Benítez Silvente est devenu viral grâce à une série de vidéos où il déconstruit la phrase officialiste “ce titre universitaire, tu le dois à la Révolution”. Avec sérénité et lucidité, il a raconté les sacrifices familiaux nécessaires pour pouvoir étudier et a dénoncé le faux discours sur la gratuité de l'éducation à Cuba, rappelant que tout est à la charge de la famille des étudiants.
Son témoignage a provoqué une vague de soutien citoyen, mais aussi des réactions de l'appareil d'État. La jeune femme a raconté qu'elle a été convoquée et menacée après ses déclarations publiques.
Malgré le harcèlement et la tentative de censure, Anna Sofía maintient sa position : « Je ne pars pas du pays.

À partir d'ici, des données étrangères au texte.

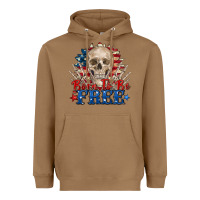 Toasted Coconut born to be free skeleton Heavyweight Hoodie - Zillion Design Studio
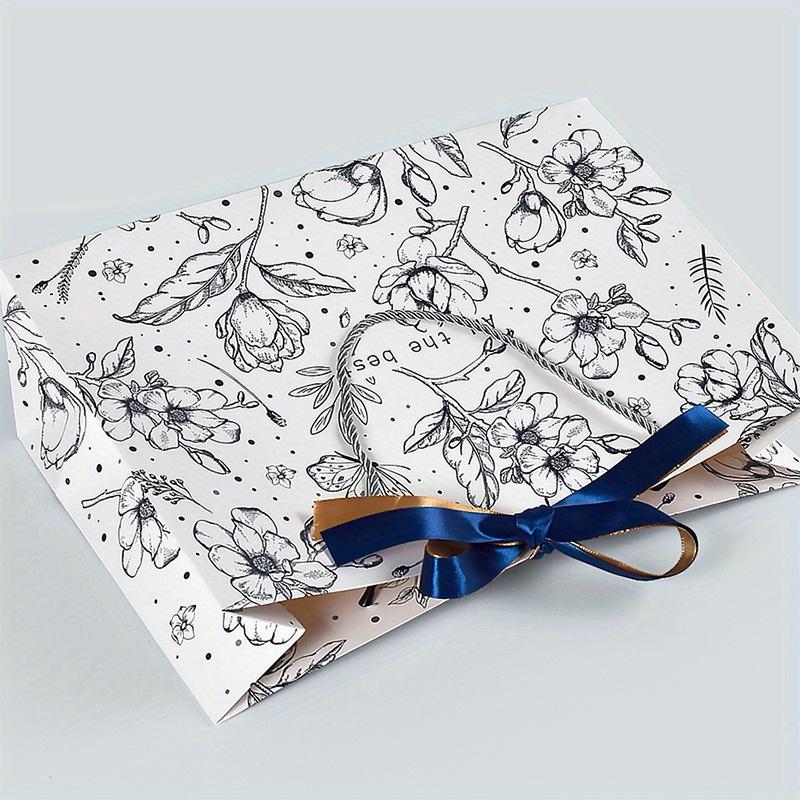 5 Stück Papiergeschenktüten mit Blumendruck, faltbare Geschenk- und Einkaufshandtaschen für Geburtstag, Hochzeit und Weihnachten, für den täglichen Gebrauch und als Feiertagsverpackung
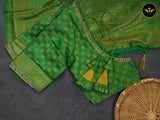 FABULOUS SOFT SILK FABRIC SAREE WITH JARI WEAVING AND CONTRAST BORDER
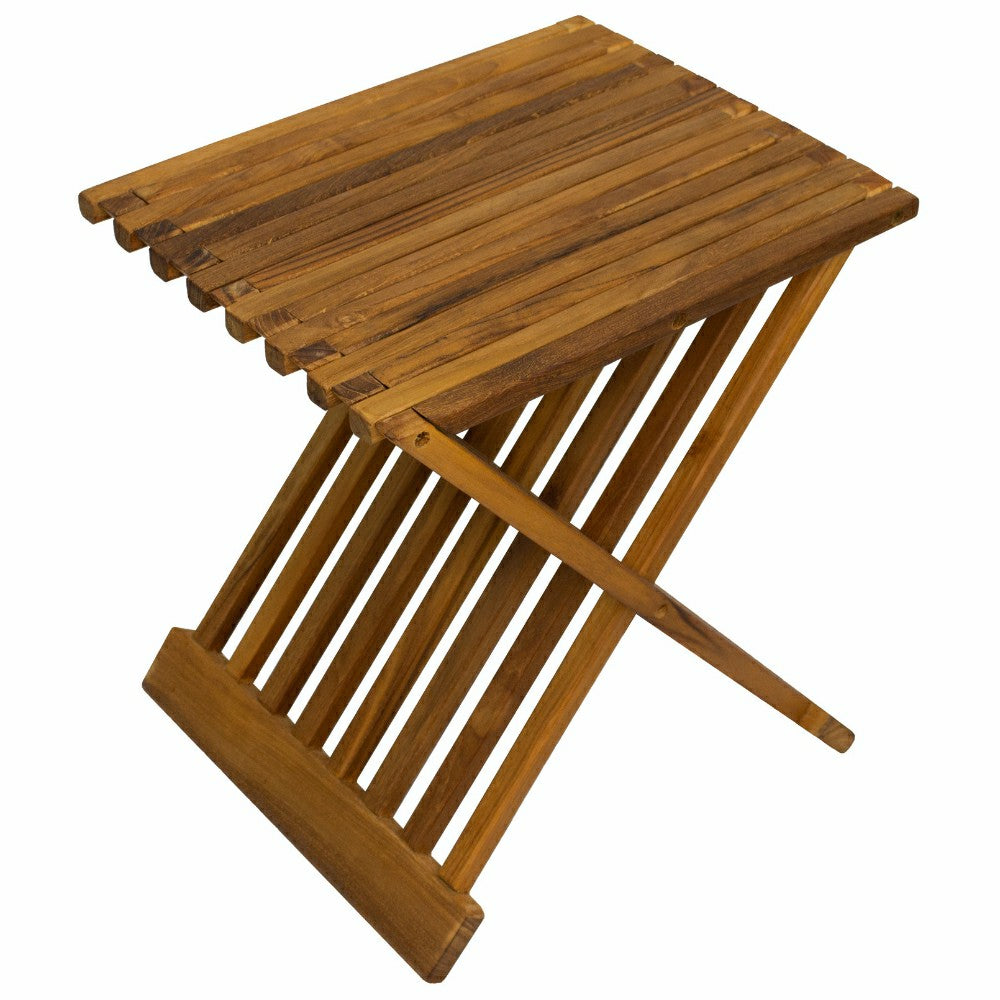 Plow & Hearth Winchester Teak Folding Stool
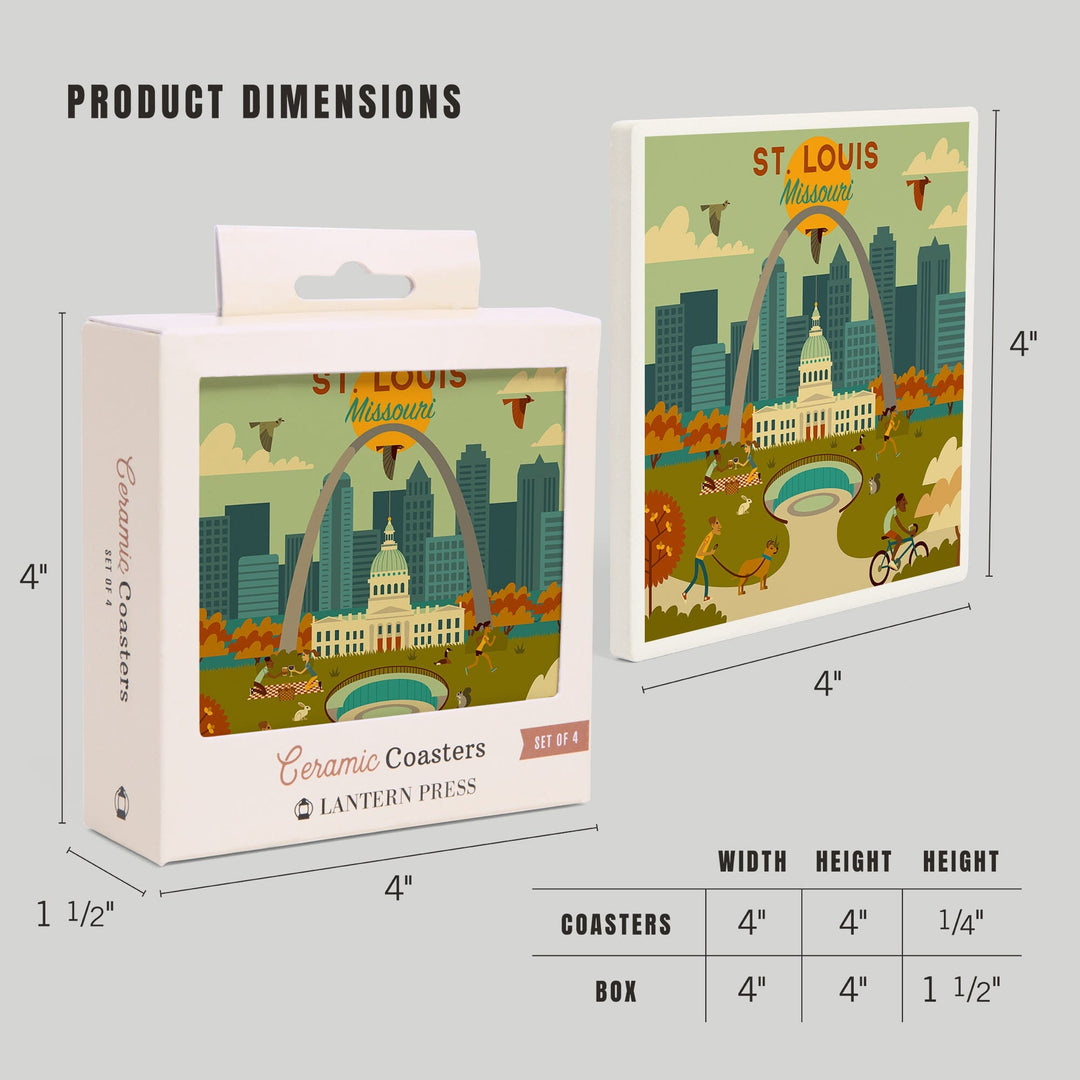 St. Louis, Missouri, Geometric National Park Series, Coasters Coasters Lantern Press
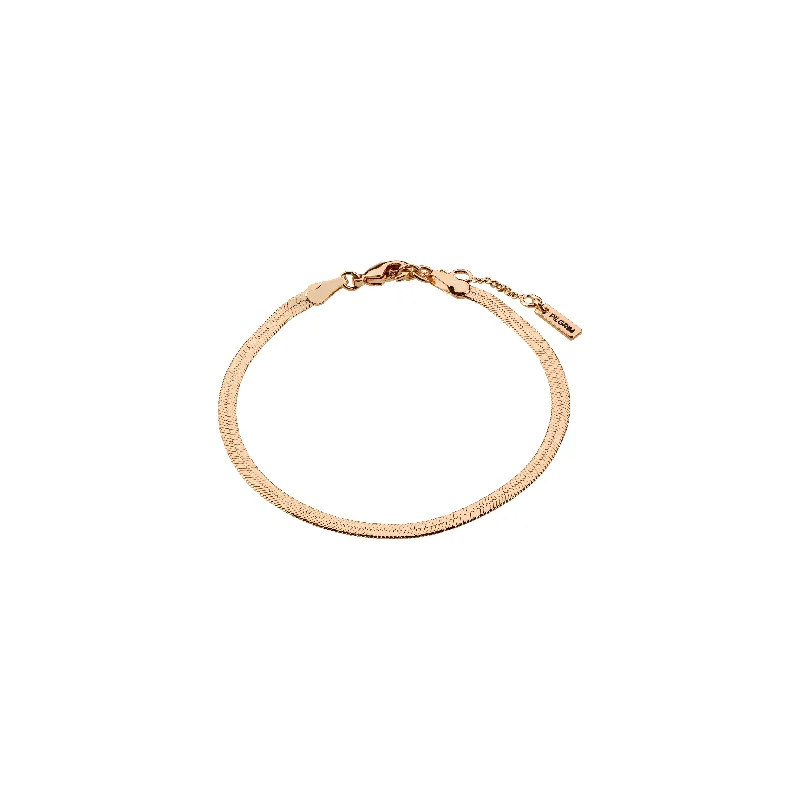 affordable bangles for women-JOANNA flat snake chain bracelet rosegold-plated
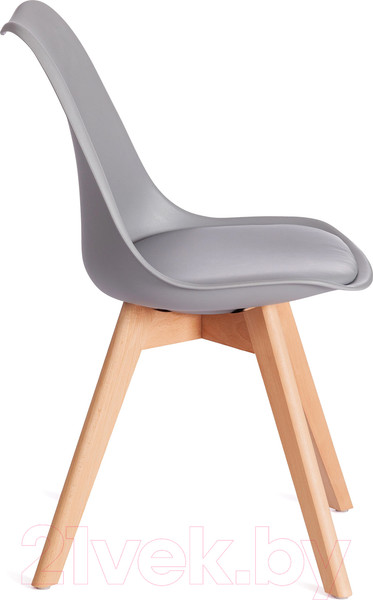 Изображение товара Стул Tetchair Tulip дерево/пластик/экокожа (серый)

Je veux rester et continuer à parler. Je veux un pays où étudier et travailler en vaille la peine. »
Votre cas n'est pas isolé. D'autres activistes cubains ont subi des coupures inexplicables du service Internet lorsqu'ils font des déclarations à fort impact contre le régime. Cela démontre l'utilisation du contrôle technologique comme outil de répression contre les jeunes qui s'expriment à Cuba.